As far as the rest of the evening is concerned, I’d like to see that 1,700 word marker, smoke another few bowls, travel a few miles to the liquor store on the corner of moreland for the hubbies beer, and my red wine vice, take a piping hot shower, have a mani-pedi, and a really good face washing and teeth-brushing, straighten up the house as quick as possible, and cuddle on the couch, with a big glass of Merlot. As far as me actually getting any of that done… Highly unlikely. At least not the shower part, because I almost feel as if I’m pretty close to dying of hypothermia sitting in my office. I suppose this is one of the first lessons of being disciplined.
Making yourself work in undesirable conditions.

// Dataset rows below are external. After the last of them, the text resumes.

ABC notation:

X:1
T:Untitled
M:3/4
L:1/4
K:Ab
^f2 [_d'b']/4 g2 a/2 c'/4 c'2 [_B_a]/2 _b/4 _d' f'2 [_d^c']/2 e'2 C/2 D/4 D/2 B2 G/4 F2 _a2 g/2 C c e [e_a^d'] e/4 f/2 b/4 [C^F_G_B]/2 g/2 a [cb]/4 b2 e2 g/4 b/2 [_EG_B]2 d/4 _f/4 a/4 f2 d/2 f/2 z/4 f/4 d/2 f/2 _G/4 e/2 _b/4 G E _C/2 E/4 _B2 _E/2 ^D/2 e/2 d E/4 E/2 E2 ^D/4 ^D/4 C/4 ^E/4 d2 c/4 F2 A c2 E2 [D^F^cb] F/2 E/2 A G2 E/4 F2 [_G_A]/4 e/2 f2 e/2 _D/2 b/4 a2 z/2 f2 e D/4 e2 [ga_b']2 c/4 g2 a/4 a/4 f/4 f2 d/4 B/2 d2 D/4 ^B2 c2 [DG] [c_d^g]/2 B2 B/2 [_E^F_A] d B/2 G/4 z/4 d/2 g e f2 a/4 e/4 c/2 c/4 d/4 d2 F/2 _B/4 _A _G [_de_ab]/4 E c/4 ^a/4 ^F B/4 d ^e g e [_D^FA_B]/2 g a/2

This week, I’d like to finish the book about writing, start on hitchhikers Guide to the Galaxy, and simultaneously learn more about digital photography, see a new place, and try something new. I would also like to continue trying to write at least 1,700 words per day, and also to purchase one of those things that measures how many steps a person takes in a day. I did buy the first of those erotic Sleeping Beauty novels, and I’m definitely excited to start it, but I also think that Hitchhiker is a classic that should at least get me started on some Winter Reading. I’d also like to check out a few book lists, maybe sign up for a class, and also send money by Thursday. I am learning to be happier when I get more things done and I really like to harbor the idea of a world that is a well-oiled machine. I can’t be that guy that didn’t do anything with his life too much longer. It’s really starting to get to me, seeing all of those people at work who have been in the service industry for eons. I think it really starts to take a toll on your physical and emotional well-being and I really don’t want to be the one taking some sass from a self-righteous young person either. I know I’m better than that, and that I can acheive more.

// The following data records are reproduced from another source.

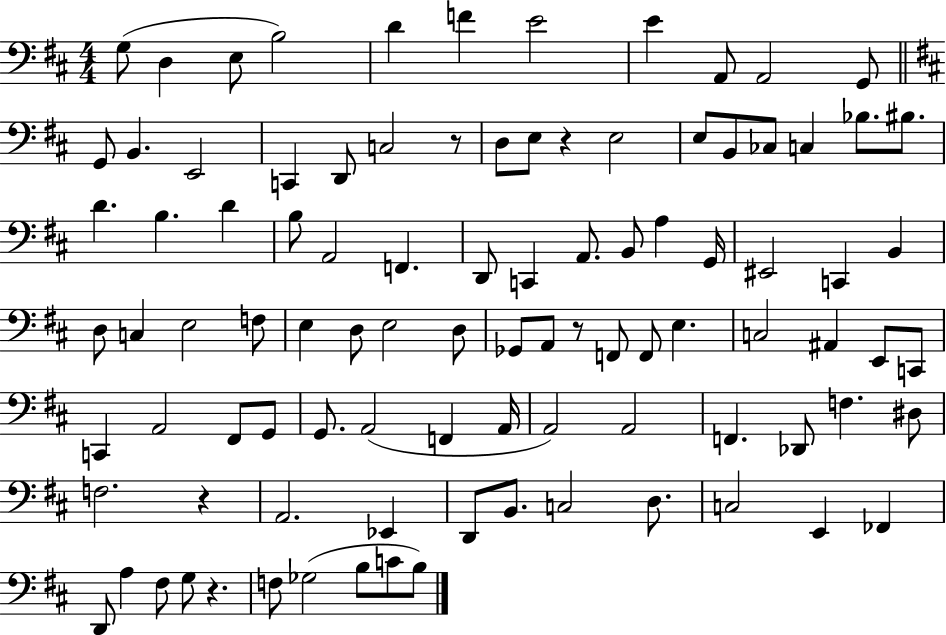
{
  \clef bass
  \numericTimeSignature
  \time 4/4
  \key d \major
  g8( d4 e8 b2) | d'4 f'4 e'2 | e'4 a,8 a,2 g,8 | \bar "||" \break \key b \minor g,8 b,4. e,2 | c,4 d,8 c2 r8 | d8 e8 r4 e2 | e8 b,8 ces8 c4 bes8. bis8. | \break d'4. b4. d'4 | b8 a,2 f,4. | d,8 c,4 a,8. b,8 a4 g,16 | eis,2 c,4 b,4 | \break d8 c4 e2 f8 | e4 d8 e2 d8 | ges,8 a,8 r8 f,8 f,8 e4. | c2 ais,4 e,8 c,8 | \break c,4 a,2 fis,8 g,8 | g,8. a,2( f,4 a,16 | a,2) a,2 | f,4. des,8 f4. dis8 | \break f2. r4 | a,2. ees,4 | d,8 b,8. c2 d8. | c2 e,4 fes,4 | \break d,8 a4 fis8 g8 r4. | f8 ges2( b8 c'8 b8) | \bar "|."
}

The goals of my 2009 working year are as follows:
Eliminate Debt entirely
Take a trip out of the Country
Pay off Car
Write a 50,000 word Novel
Enroll in a fun class
It really doesn’t seem that out of reach if you ask me. I think with a proper plan, tangible paperwork, visible results, and a strict desire to perform at a higher level than I’m used to… there’s no stopping me. I’d also like to research a new career and also a new country once a month, and keep records for future traveling. I’m really impressed with myself that I’ve quit smoking, found some new hobbies, have really made an effort with the living situation, and I am currently keeping a family together. That’s quite impressive for someone of my age and experience.
Also, things to keep in mind…
I’d also like to keep my mouth in check, taking extra precautions when it comes to dentistry and dermatology, I’d also like to have my hair professionally cut and colored when it reaches my shoulder blades. I need to build a plan of attack for taxes, and also research some color schemes for the home. I’d like to paint the bedroom, living room, office, dining, and kitchen… In that order. I’d like to have two well-behaved dogs that don’t eat my underwear or whine constantly, and I’d like to be fit. I’m going to be something yet. It’s only a matter of time. And I think actually being about 100 words shy of my goal, It’s really starting to feel like everything could quite possibly come into place.
I’m finally on the final stretch of the 1,700 and I must say I couldn’t be more relieved. My wrists and neck are stiff, I’m in need of herbal refreshment, and I’ve got approximately one hour to make it to the liquor store that I’ve been procrastinating the chance to visit for about 3 hours now. As far as actually doing anything else this evening…. I’m not rightly sure, but I do think that making cake would probably be something nice for Chris…. but the thought of traipsing around on a cold floor right now is totally unappealing.